Anonymous_EA 28 Jun 2022 17:56 UTC
14 points
0 ∶ 0
Great post!
From Scenario 1, in which alignment is easy:
The alignment problem turns out much easier than expected. Increasingly better AI models have a better understanding of human values, and they do not naturally develop strong influence-seeking tendencies. Moreover, in cases of malfunctions and for preventative measures, interpretability tools now allow us to understand important parts of large models on the most basic level and ELK-like tools allow us to honestly communicate with AI systems.
Here you seem to be imagining that technical AI alignment turns out to be easy, but you don’t discuss the political/governance problem of making sure the AI (or AIs) are aligned with the right goals.

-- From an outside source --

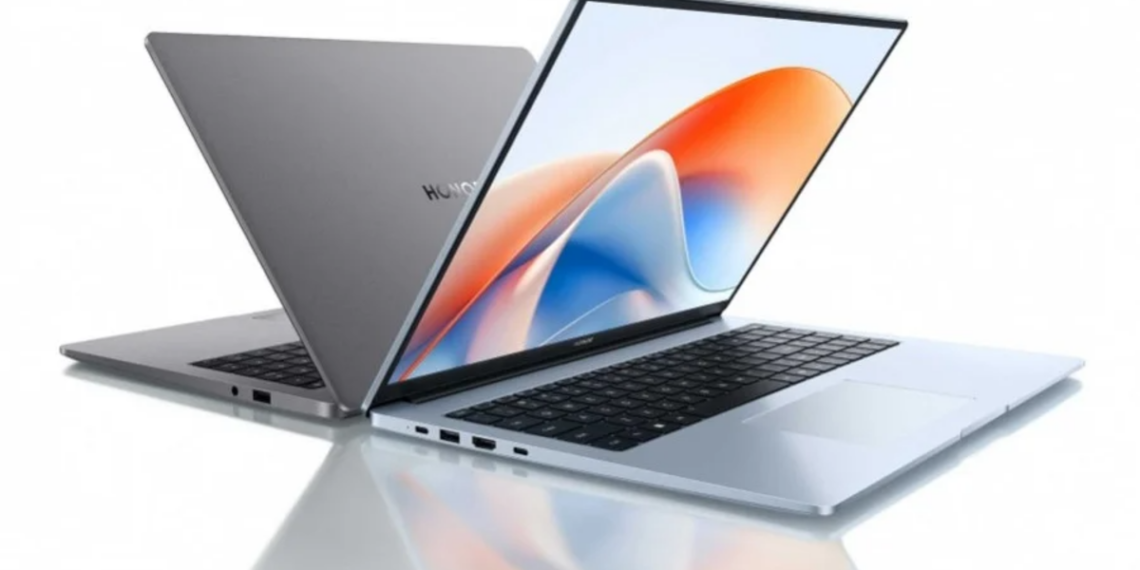 Honor MagicBook X14 Plus y X16 Plus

E.g. what if the first aligned transformative AI systems are built by bad actors? What if they’re built by well-intentioned actors who nevertheless have no idea what to do with the aligned TAI(s) they’ve developed? (My impression is that we don’t currently have much idea of what a lab should be looking to do in the case where they succeed in technical alignment. Maybe the aligned system could help them decide what to do, but I’m pretty nervous about counting on that.)
From my perspective a full success story should include answers to these questions.
- mariushobbhahn 28 Jun 2022 19:55 UTC
  5 points
  0 ∶ 0
  Parent
  Yes, that is true. We made the decision to not address all possible problems with every approach because it would have made the post much longer. It’s a fair point of criticism though.